# Desperately need advice



## Gimli (8/5/18)

Hi All

I'm sure this isnt the 1st time this has been asked and I have tried to look around the forum. Still new to the foorum and struggling to find what Im looking for.

I currently vape with a Smok AL85 an dwould like to upgrade my mod. I already have a Vandyvape Kylin RTA an a VGOD Elite clone RDA.

I have been looking at getting a Voopoo Drag Resin or the Geekvape Gbox Squonker.

Any advice on these devices or a suggestion to something in a simliar price range would help a load.

Thanks for any help


----------



## Stosta (8/5/18)

From what I've heard you won't be disappointed with the Drag @Gimli .

I personally don't like it but only due to the way it looks.
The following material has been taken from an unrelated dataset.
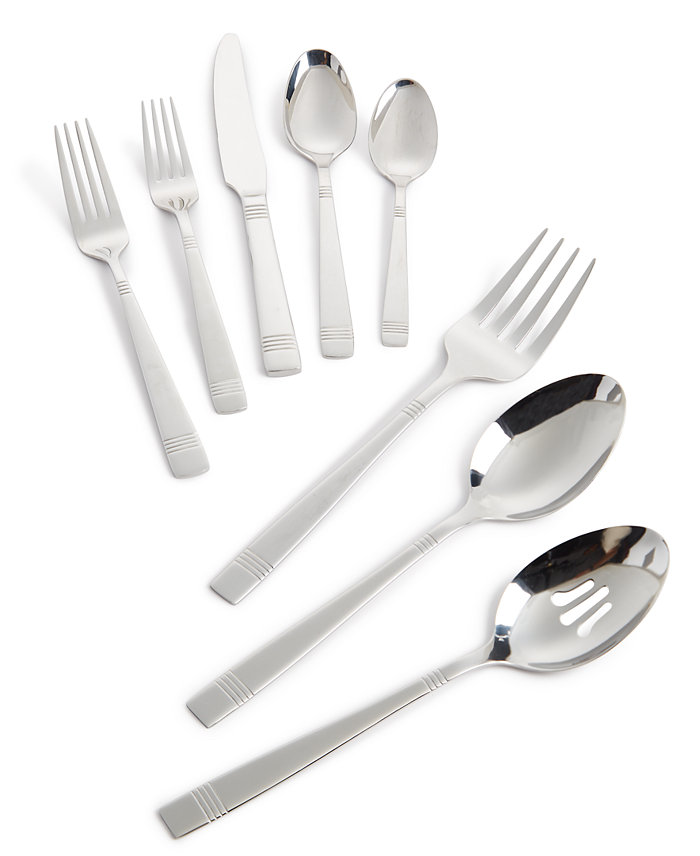 The Cellar Linear 23-Pc. Flatware Set Service for 4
If you like / don't mind it then I think you'll be quite happy with it!


----------



## Yuvir Punwasi (8/5/18)

Voopoo drag is an excellent choice not crazy expensive and a good well round performer just make sure u have a 2 bay battery charger and 2 batteries as the al85 uses only 1


----------



## Nadim_Paruk (8/5/18)

Hi @Gimli,

I'm gonna go with a Minikin V2 or Minikin Reborn, and even though I have not owned any of those mods, all I hear is good reviews on both mods.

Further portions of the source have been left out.